In other words, as the researchers concluded, women “are missing in country music.” And the problem only grows more extreme as women artists age — something Musgraves herself, only 33, is now facing.
It is well-documented that country radio program directors are advised against playing too many women artists in a given one-hour programming block; playing two women back to back is downright verboten. Musicologist Jada Watson, who specifically studies the way gender impacts radio play, longevity and industry standing in country music, published research in early 2021 pointing to the way in which this cycle not only keeps women artists out of country music listeners’ ears in the present but creates a self-perpetuating cycle in which annual Billboard lists become dominated by men artists as a result of their greater airplay, effectively erasing the impact, influence and sound of women artists from country music history writ large.

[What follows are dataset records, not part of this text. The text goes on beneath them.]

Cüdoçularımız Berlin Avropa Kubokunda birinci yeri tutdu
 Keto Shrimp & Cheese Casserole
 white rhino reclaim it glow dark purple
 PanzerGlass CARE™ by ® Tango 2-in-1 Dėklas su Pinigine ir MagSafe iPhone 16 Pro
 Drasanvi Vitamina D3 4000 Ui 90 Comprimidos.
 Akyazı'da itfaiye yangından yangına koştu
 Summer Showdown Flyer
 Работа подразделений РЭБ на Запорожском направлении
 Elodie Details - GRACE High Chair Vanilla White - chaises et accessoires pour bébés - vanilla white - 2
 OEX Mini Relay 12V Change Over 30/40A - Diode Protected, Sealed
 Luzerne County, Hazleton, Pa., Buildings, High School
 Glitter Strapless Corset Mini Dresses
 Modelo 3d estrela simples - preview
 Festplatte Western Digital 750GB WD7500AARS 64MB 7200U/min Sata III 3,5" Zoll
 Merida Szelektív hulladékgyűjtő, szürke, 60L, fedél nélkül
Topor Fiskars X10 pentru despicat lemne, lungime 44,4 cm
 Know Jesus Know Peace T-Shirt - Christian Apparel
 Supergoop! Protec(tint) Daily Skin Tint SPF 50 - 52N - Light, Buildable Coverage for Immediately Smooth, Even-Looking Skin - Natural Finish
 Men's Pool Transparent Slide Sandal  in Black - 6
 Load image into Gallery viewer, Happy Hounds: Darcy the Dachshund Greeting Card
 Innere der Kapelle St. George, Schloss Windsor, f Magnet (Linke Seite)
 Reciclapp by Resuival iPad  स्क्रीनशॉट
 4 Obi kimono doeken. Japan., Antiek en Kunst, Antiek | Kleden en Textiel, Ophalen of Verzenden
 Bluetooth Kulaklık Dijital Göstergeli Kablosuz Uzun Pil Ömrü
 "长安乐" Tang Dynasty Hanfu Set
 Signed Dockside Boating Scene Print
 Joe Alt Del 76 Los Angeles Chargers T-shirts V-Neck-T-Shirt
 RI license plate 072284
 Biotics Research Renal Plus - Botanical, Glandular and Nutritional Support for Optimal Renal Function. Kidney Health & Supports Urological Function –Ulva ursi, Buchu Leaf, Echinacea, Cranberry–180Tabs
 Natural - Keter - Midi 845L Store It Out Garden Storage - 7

Even those women who have become icons in country music did so by presenting a very specific form of performed femininity, Lorie Liebig, the host of the podcast “More Than a Cowgirl” told The 19th — and still faced nonstop harassment and discrimination as a result of their gender. “The first women to really make their mark in terms of gaining widespread fame faced harassment from people within the industry and even other male artists, terrible record deals and low pay for performances, you name it,” Leibig said. “Loretta Lynn, Patsy Cline, Dolly Parton, they all went through their own battles.”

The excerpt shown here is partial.